To begin with, the aircraft have already been paid for with tax payer dollars and the cost of maintenance of the aircraft and equipment already budgeted.

  The concept was also “brainstormed” with fellow C-130 commanders and crews at an annual meeting at Scotts Air Force Base in Missouri. The support for the concept was (according to the General) enthusiastic with the following explanation.  The Guard’s involvement with such a project could not conflict with existing regulatory state and federal laws and certainly those governing private industry. It was explained, the Guard serves at the invitation of the governor, state forestry and government.
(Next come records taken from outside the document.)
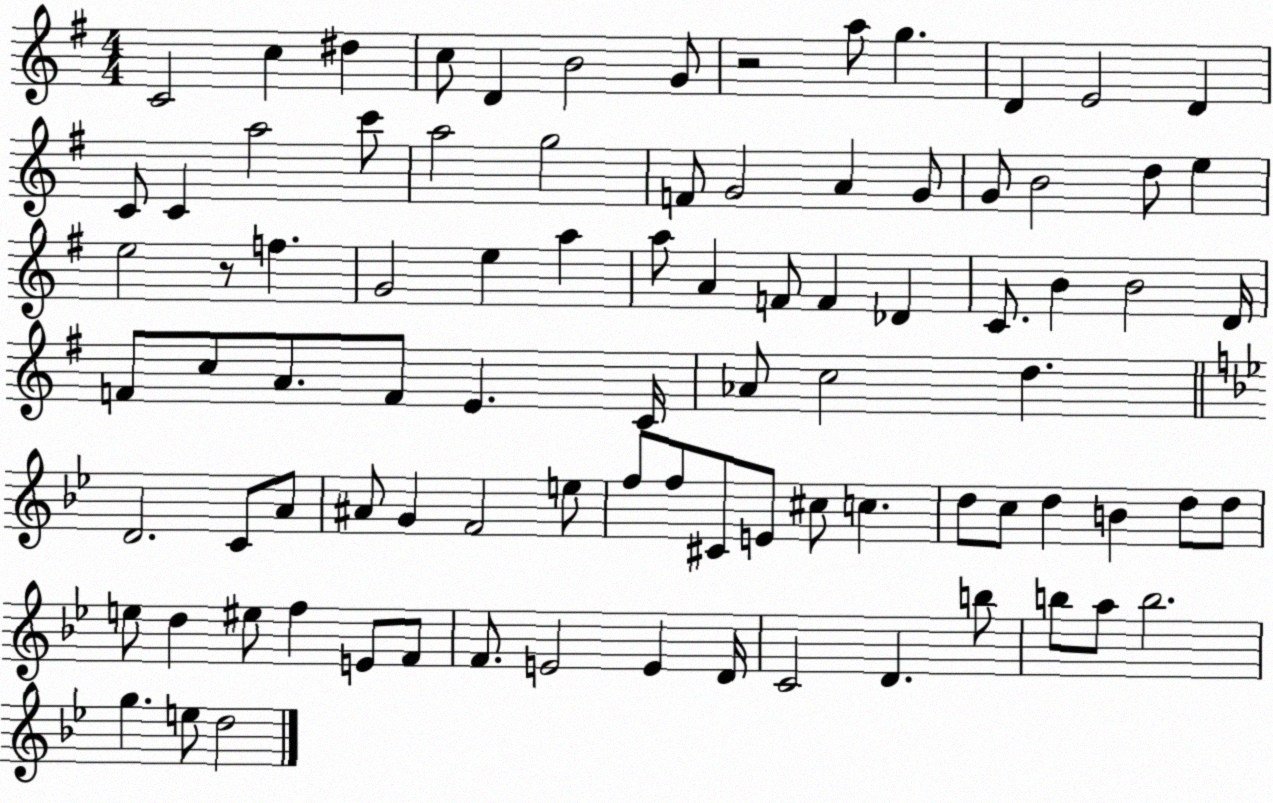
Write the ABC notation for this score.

X:1
T:Untitled
M:4/4
L:1/4
K:G
C2 c ^d c/2 D B2 G/2 z2 a/2 g D E2 D C/2 C a2 c'/2 a2 g2 F/2 G2 A G/2 G/2 B2 d/2 e e2 z/2 f G2 e a a/2 A F/2 F _D C/2 B B2 D/4 F/2 c/2 A/2 F/2 E C/4 _A/2 c2 d D2 C/2 A/2 ^A/2 G F2 e/2 f/2 f/2 ^C/2 E/2 ^c/2 c d/2 c/2 d B d/2 d/2 e/2 d ^e/2 f E/2 F/2 F/2 E2 E D/4 C2 D b/2 b/2 a/2 b2 g e/2 d2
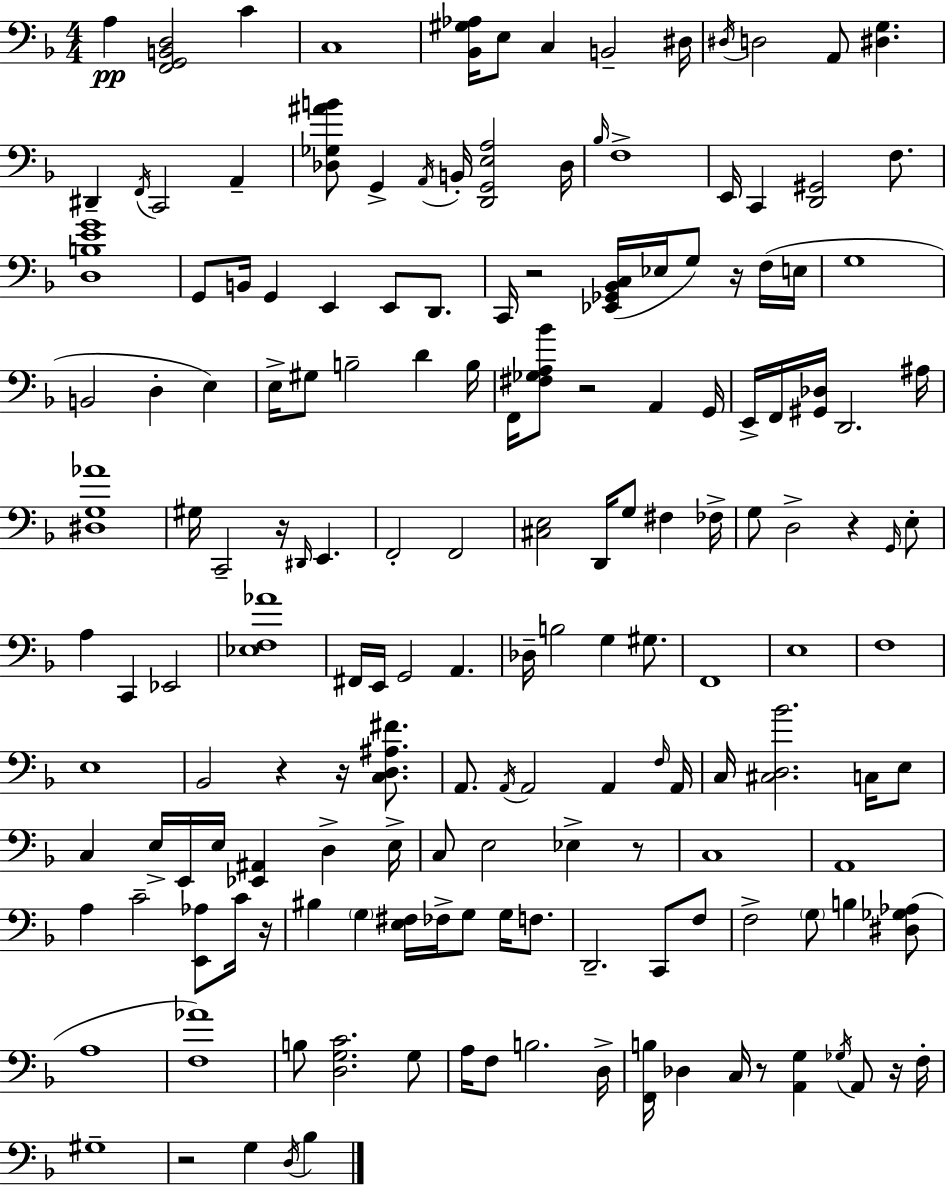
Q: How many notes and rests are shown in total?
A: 166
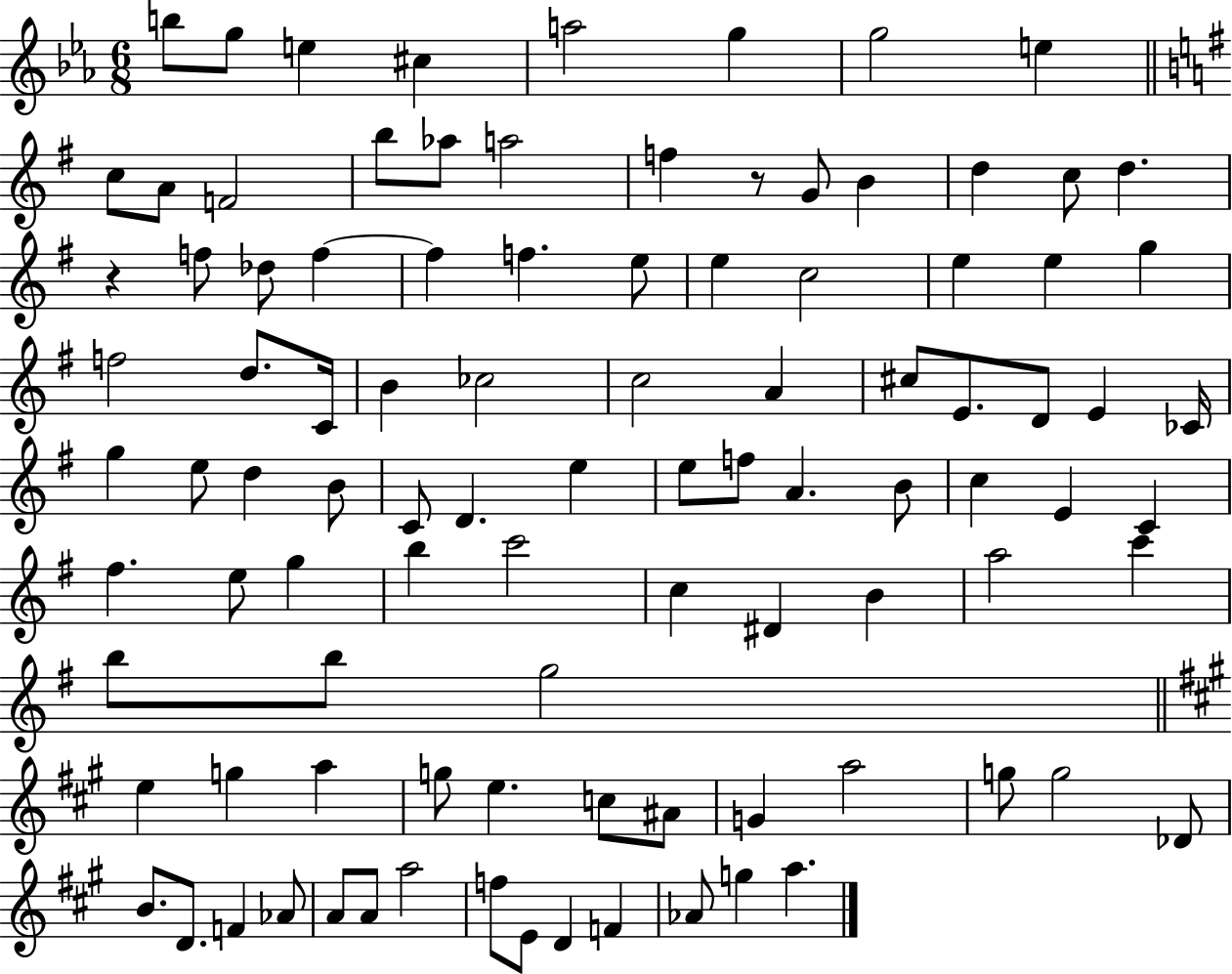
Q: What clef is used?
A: treble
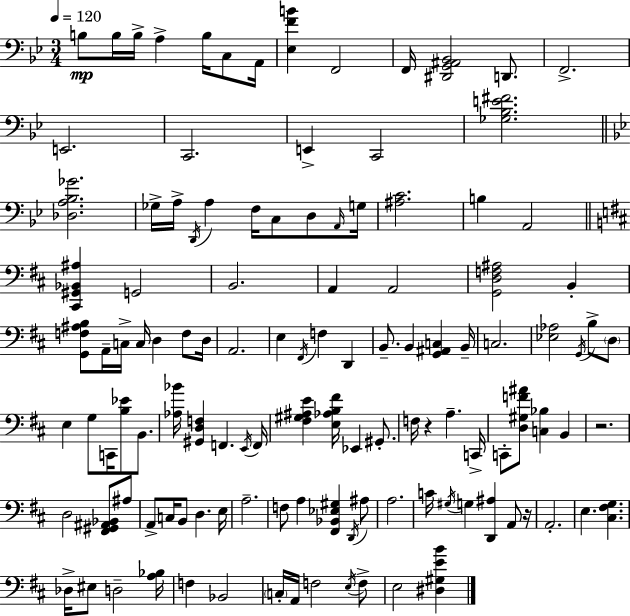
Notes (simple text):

B3/e B3/s B3/s A3/q B3/s C3/e A2/s [Eb3,F4,B4]/q F2/h F2/s [D#2,G2,A#2,Bb2]/h D2/e. F2/h. E2/h. C2/h. E2/q C2/h [Gb3,Bb3,E4,F#4]/h. [Db3,A3,Bb3,Gb4]/h. Gb3/s A3/s D2/s A3/q F3/s C3/e D3/e A2/s G3/s [A#3,C4]/h. B3/q A2/h [C#2,G#2,Bb2,A#3]/q G2/h B2/h. A2/q A2/h [G2,D3,F3,A#3]/h B2/q [G2,F3,A#3,B3]/e A2/s C3/s C3/s D3/q F3/e D3/s A2/h. E3/q F#2/s F3/q D2/q B2/e. B2/q [G2,A#2,C3]/q B2/s C3/h. [Eb3,Ab3]/h G2/s B3/e D3/e E3/q G3/e C2/s [B3,Eb4]/e B2/e. [Ab3,Bb4]/s [G#2,D3,F3]/q F2/q. E2/s F2/s [F#3,G#3,A#3,E4]/q [E3,Ab3,B3,F#4]/s Eb2/q G#2/e. F3/s R/q A3/q. C2/s C2/e [D3,G#3,F4,A#4]/e [C3,Bb3]/q B2/q R/h. D3/h [F#2,G#2,A#2,Bb2]/e A#3/e A2/e C3/s B2/e D3/q. E3/s A3/h. F3/e A3/q [F#2,Bb2,Eb3,G#3]/q D2/s A#3/e A3/h. C4/s G#3/s G3/q [D2,A#3]/q A2/e R/s A2/h. E3/q. [C#3,F#3,G3]/q. Db3/s EIS3/e D3/h [A3,Bb3]/s F3/q Bb2/h C3/s A2/s F3/h E3/s F3/e E3/h [D#3,G#3,E4,B4]/q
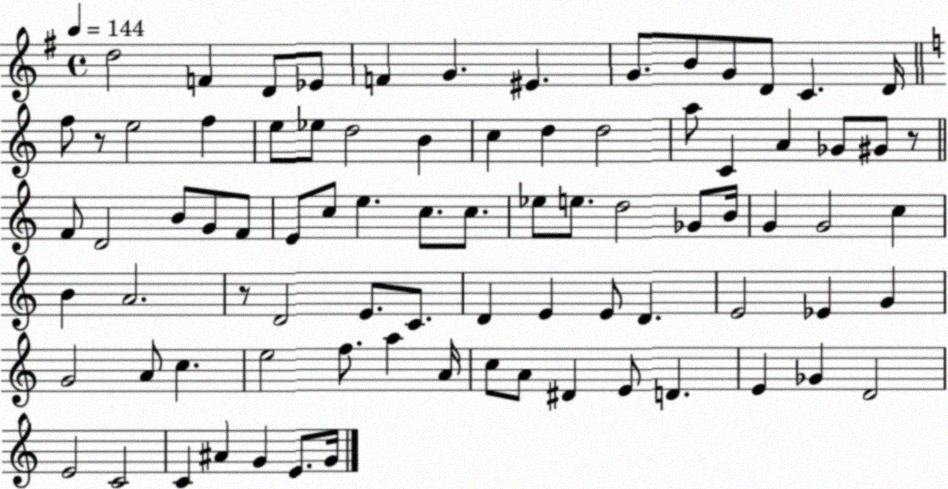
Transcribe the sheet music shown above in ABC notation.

X:1
T:Untitled
M:4/4
L:1/4
K:G
d2 F D/2 _E/2 F G ^E G/2 B/2 G/2 D/2 C D/4 f/2 z/2 e2 f e/2 _e/2 d2 B c d d2 a/2 C A _G/2 ^G/2 z/2 F/2 D2 B/2 G/2 F/2 E/2 c/2 e c/2 c/2 _e/2 e/2 d2 _G/2 B/4 G G2 c B A2 z/2 D2 E/2 C/2 D E E/2 D E2 _E G G2 A/2 c e2 f/2 a A/4 c/2 A/2 ^D E/2 D E _G D2 E2 C2 C ^A G E/2 G/4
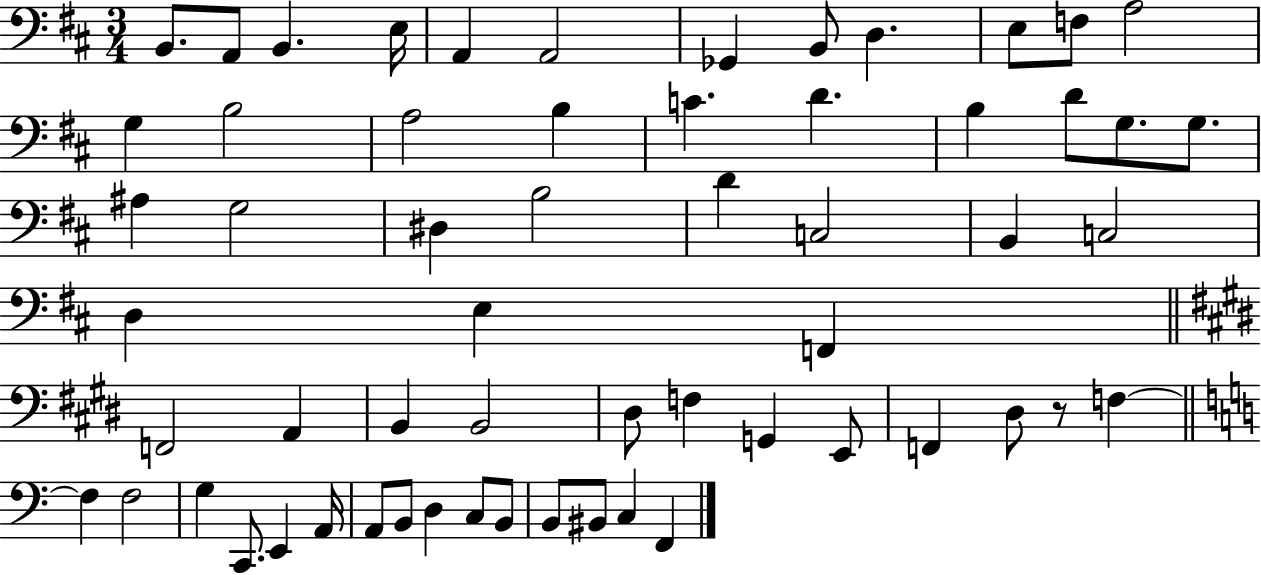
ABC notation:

X:1
T:Untitled
M:3/4
L:1/4
K:D
B,,/2 A,,/2 B,, E,/4 A,, A,,2 _G,, B,,/2 D, E,/2 F,/2 A,2 G, B,2 A,2 B, C D B, D/2 G,/2 G,/2 ^A, G,2 ^D, B,2 D C,2 B,, C,2 D, E, F,, F,,2 A,, B,, B,,2 ^D,/2 F, G,, E,,/2 F,, ^D,/2 z/2 F, F, F,2 G, C,,/2 E,, A,,/4 A,,/2 B,,/2 D, C,/2 B,,/2 B,,/2 ^B,,/2 C, F,,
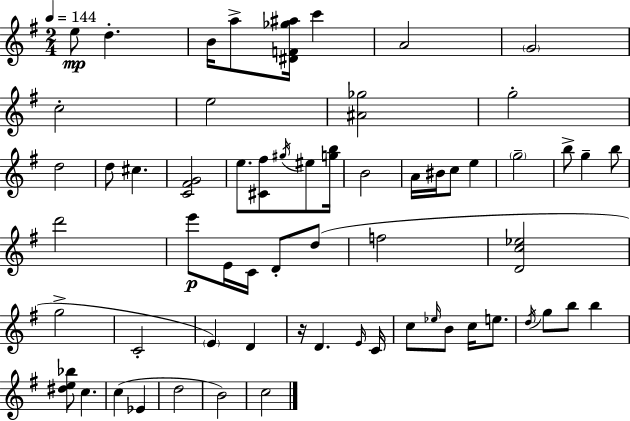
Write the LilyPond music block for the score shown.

{
  \clef treble
  \numericTimeSignature
  \time 2/4
  \key g \major
  \tempo 4 = 144
  e''8\mp d''4.-. | b'16 a''8-> <dis' f' ges'' ais''>16 c'''4 | a'2 | \parenthesize g'2 | \break c''2-. | e''2 | <ais' ges''>2 | g''2-. | \break d''2 | d''8 cis''4. | <c' fis' g'>2 | e''8. <cis' fis''>8 \acciaccatura { gis''16 } eis''8 | \break <g'' b''>16 b'2 | a'16 bis'16 c''8 e''4 | \parenthesize g''2-- | b''8-> g''4-- b''8 | \break d'''2 | e'''8\p e'16 c'16 d'8-. d''8( | f''2 | <d' c'' ees''>2 | \break g''2-> | c'2-. | \parenthesize e'4) d'4 | r16 d'4. | \break \grace { e'16 } c'16 c''8 \grace { ees''16 } b'8 c''16 | e''8. \acciaccatura { d''16 } g''8 b''8 | b''4 <dis'' e'' bes''>8 c''4. | c''4( | \break ees'4 d''2 | b'2) | c''2 | \bar "|."
}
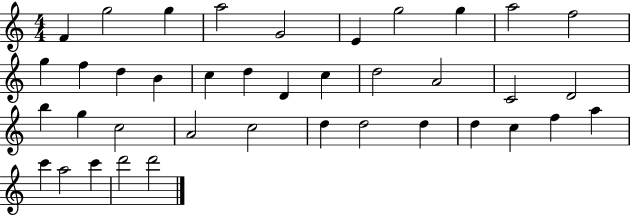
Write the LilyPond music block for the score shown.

{
  \clef treble
  \numericTimeSignature
  \time 4/4
  \key c \major
  f'4 g''2 g''4 | a''2 g'2 | e'4 g''2 g''4 | a''2 f''2 | \break g''4 f''4 d''4 b'4 | c''4 d''4 d'4 c''4 | d''2 a'2 | c'2 d'2 | \break b''4 g''4 c''2 | a'2 c''2 | d''4 d''2 d''4 | d''4 c''4 f''4 a''4 | \break c'''4 a''2 c'''4 | d'''2 d'''2 | \bar "|."
}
It would appear from the preliminary discussions among the C 130 crews that if they were asked to perform more of an initial role in concert with the private sector and funding were made available, they would be agreeable to opening dialogue with the governing agencies as to how they might be helpful in providing even more tanker support and at an earlier point in the process.


 Very often jurisdictional boundaries and territorial limitations create bureaucratic “road-blocks” when it would seem neutralizing the fire in the quickest possible time should be the overriding mandated objective.

If Operation Wildefire had been in place today, might  it have made a  major difference in containing this year’s devastating west coast fires and at a much earlier time to containment? 

The author does not profess to speak for the Guard in any capacity other than the proposal author.